Can you imagine what it would be like if an equal sized group started chanting something ridiculous? Like, “Germany! Germany!” or, they’d be saying it in German, I’m not going to bother writing out the German word for Germany, seeing as how it’s the Fourth of July and everything, but in that scenario, things would get ugly pretty fast.

Luckily, all we have to do is look back at history to imagine how that one would play out. We’d probably lose a bunch of really great chanters, but they’d be the greatest chanting generation ever, and it would be worth it, because this is the greatest country in the world. Sorry Canada. Sorry every other country in the world.

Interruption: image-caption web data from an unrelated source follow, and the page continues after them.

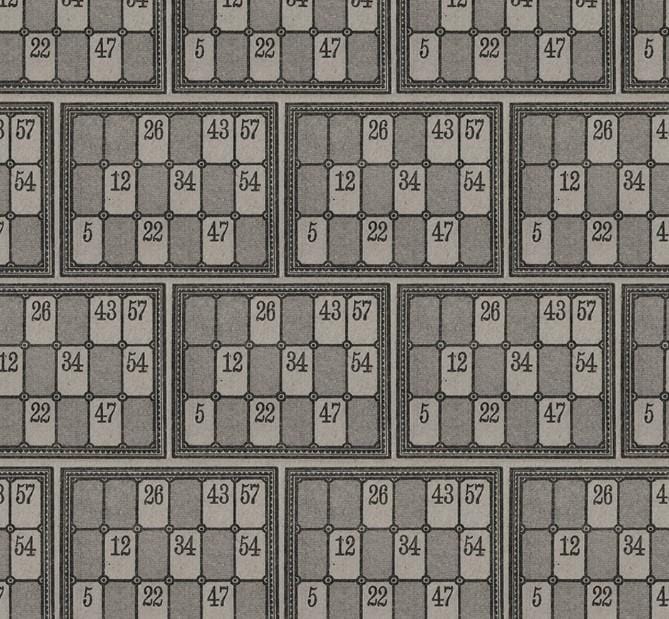 Charcoal Color Palette - Charcoal Numbers PWTH316.CHARCOAL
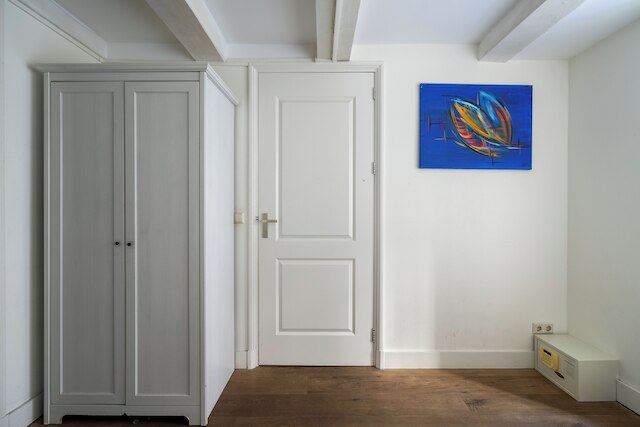 アムステルダム・センター・ハーバー・アパートメンツ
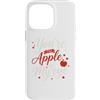 Apple of My Eye Clothing Co. Custodia per iPhone 14 Pro Max Fruit Apple Eye Love Romantic Lovely Gift Idea Apple of eye
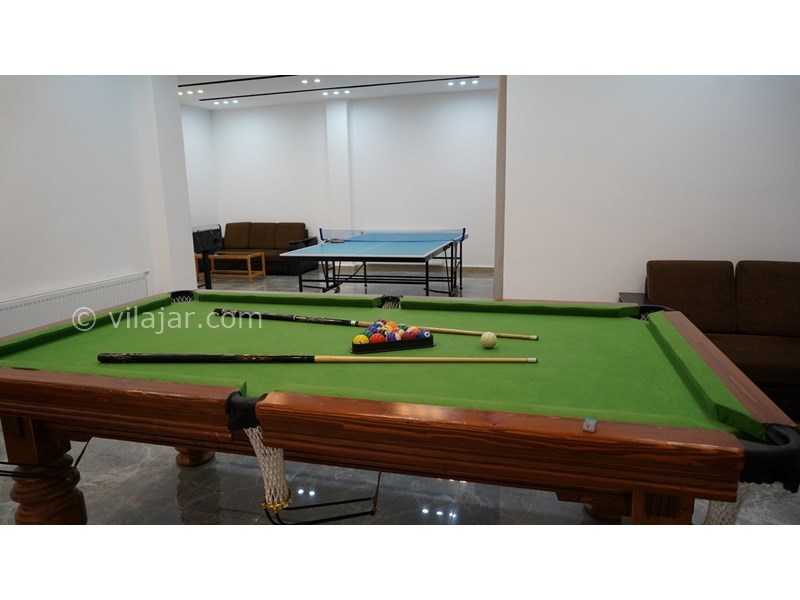 عکس شماره 751179 - اجاره ویلا استخردار محمودآباد - سالن بازی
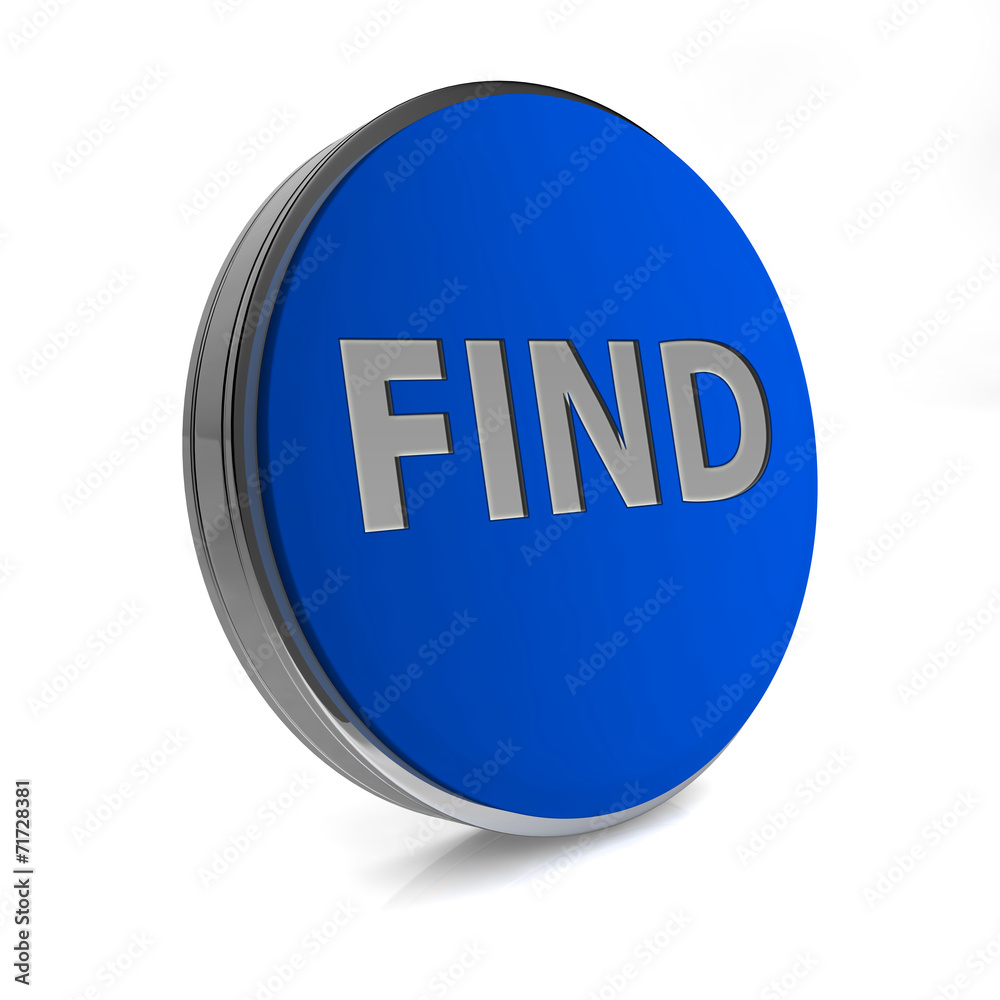 find circular icon on white background find circular icon on white background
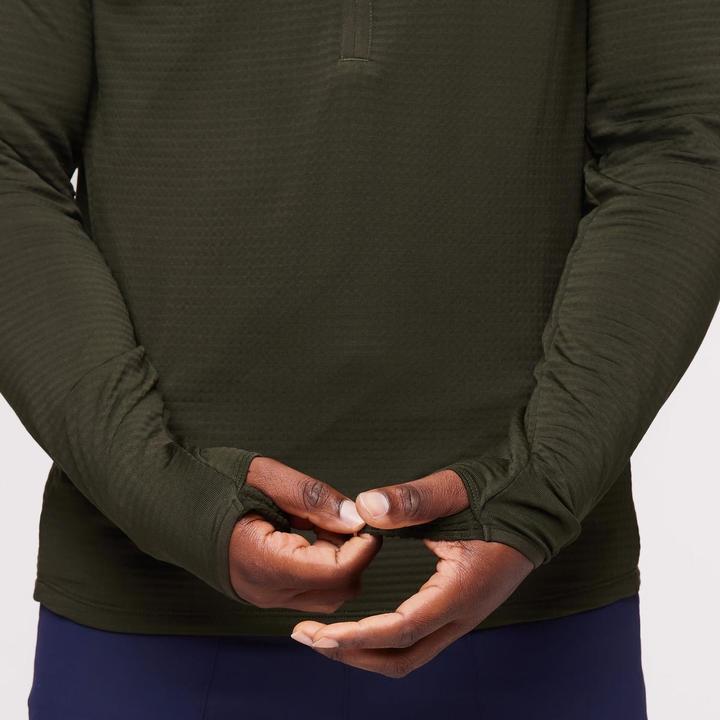 Actual product image Cotopaxi Otero Fleece Half-Zip Pullover (L)
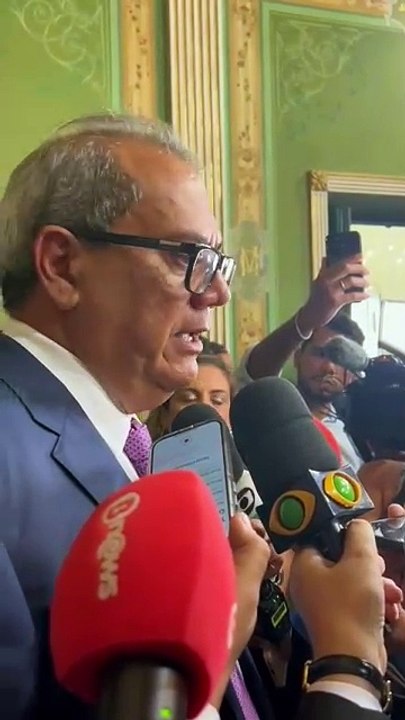 Presidente da Câmara revela que Salvador deve ter aumento na tarifa de ônibus em 2025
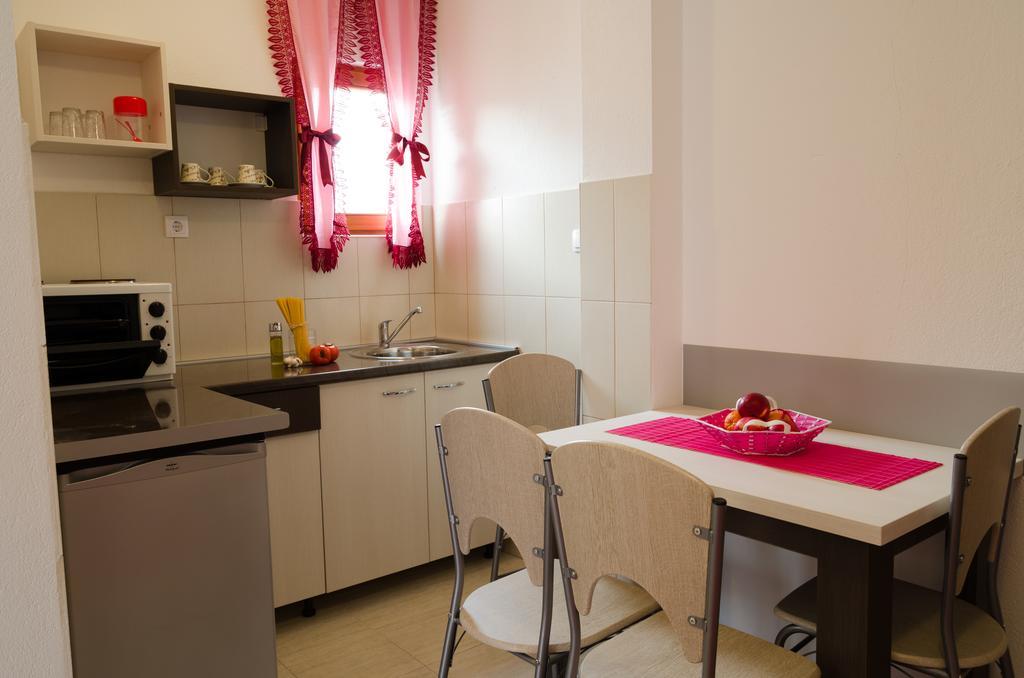 Apartments Maja 索科矿泉村 外观 照片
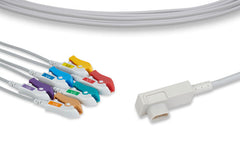 Stryker > Medtronic > Physio Control Compatible ECG Leadwire - 11110-000102thumb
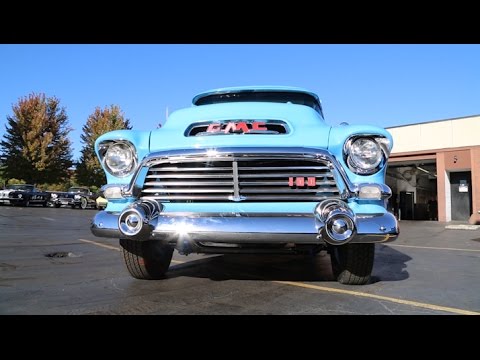 1957 GMC Pickup (CC-922027) for sale in Des Moines, Iowa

Sorry Puerto Rico, and look, I get it, it’s kind of nice to be wanted, but you think we’re going to keep up this courtship forever? One of these days it’s going to be like, all right, are you with us or against us? And you might be like, “Well, it’s complicated, we have to have a series of referendums. Ask us again in another twenty years,” and that’s when we’re going to pull the rug right out from underneath your feet. And maybe we’ll give statehood to some other country, people who really want it. Denmark? Chad? I could just keep listing random countries all day.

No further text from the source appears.